▸ **Problem statement**
Make an exact copy of the listing underneath, skipping each picture.
START Data below
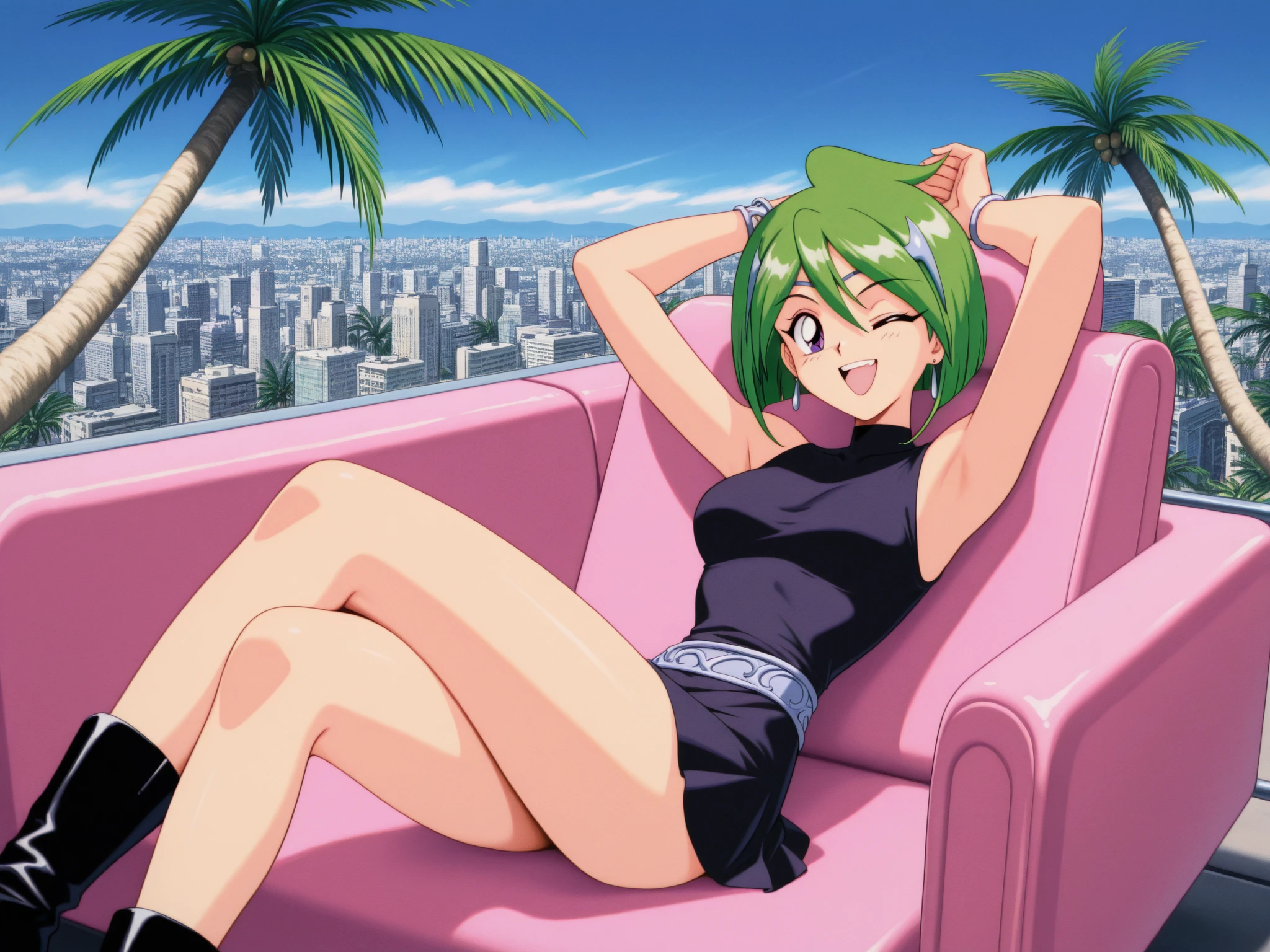 bulma, short hair, aquamarine hair, bob cut, hits, blue eyes, 1 girl, Alone, bare shoulders, Strapless, belt, medium chest, Red shirt, red mini skirt, Sitting on a sofa, seductive smile, Whole body, bare legs with red heels, crossed legs,long live sailor march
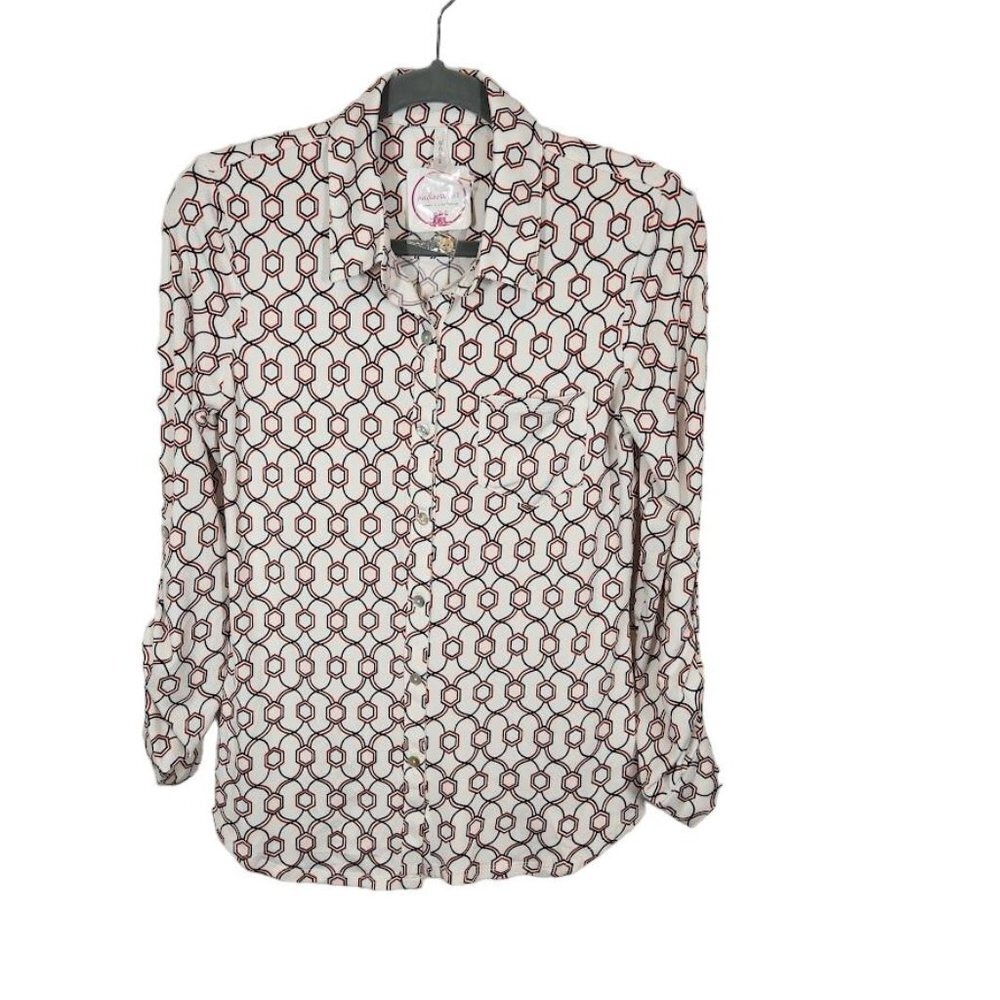 NWT DNA Couture Button Down Blouse Size Small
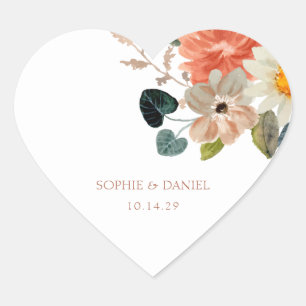 White Floral Watercolor Couple Wedding Heart Sticker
END Data below
▸ **Completed task**
 bulma, short hair, aquamarine hair, bob cut, hits, blue eyes, 1 girl, Alone, bare shoulders, Strapless, belt, medium chest, Red shirt, red mini skirt, Sitting on a sofa, seductive smile, Whole body, bare legs with red heels, crossed legs,long live sailor march
 NWT DNA Couture Button Down Blouse Size Small
 White Floral Watercolor Couple Wedding Heart Sticker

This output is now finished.